RK Železničar 1949 () is a Serbian handball club based in Niš. They compete in the Serbian Handball Super League.

History
The club was formed as RK Naissus on 7 September 2009 by the amalgamation of RK Železničar and ORK Niš. They immediately started competing in the Serbian Handball Super League by inheriting the spot from ORK Niš.

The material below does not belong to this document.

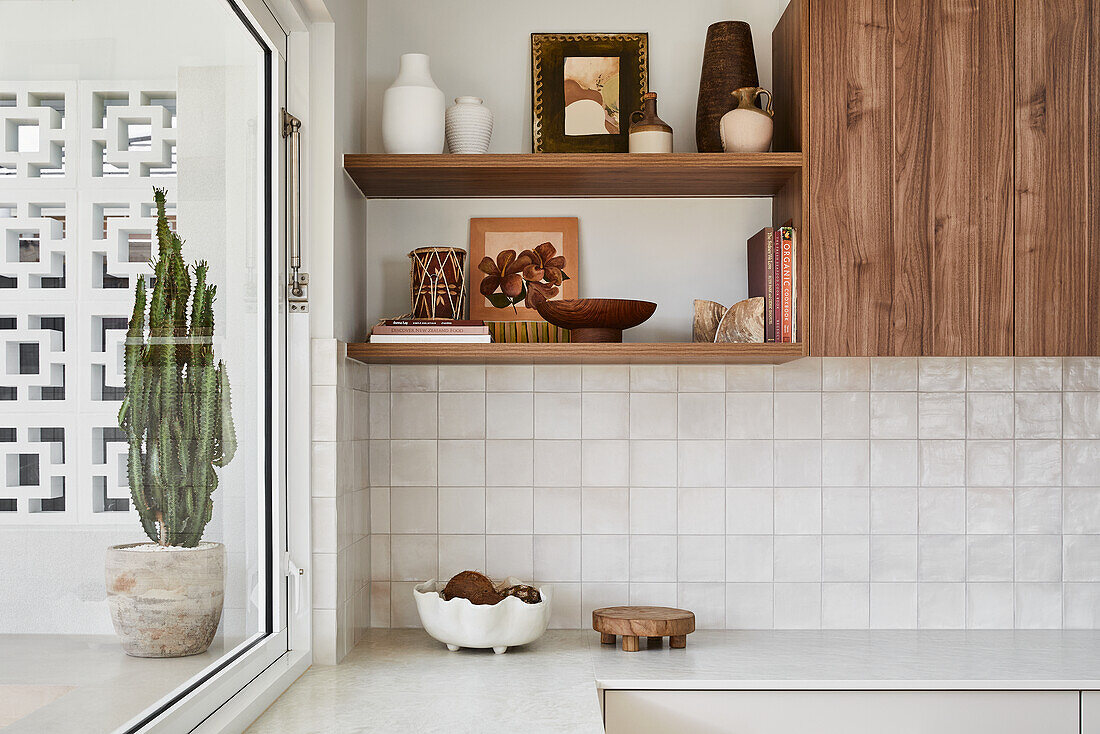 Kitchen with wooden shelves and cupboards, wall tiles and decorations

On 5 December 2011, the club changed its name to RK Železničar. They won their first trophy, the Serbian Handball Cup, in the 2013–14 season. After suffering relegation from the top flight in 2016, the club spent the following season without competing.

Ahead of the 2017–18 season, the club received a wild card entry to the Serbian Handball Super League.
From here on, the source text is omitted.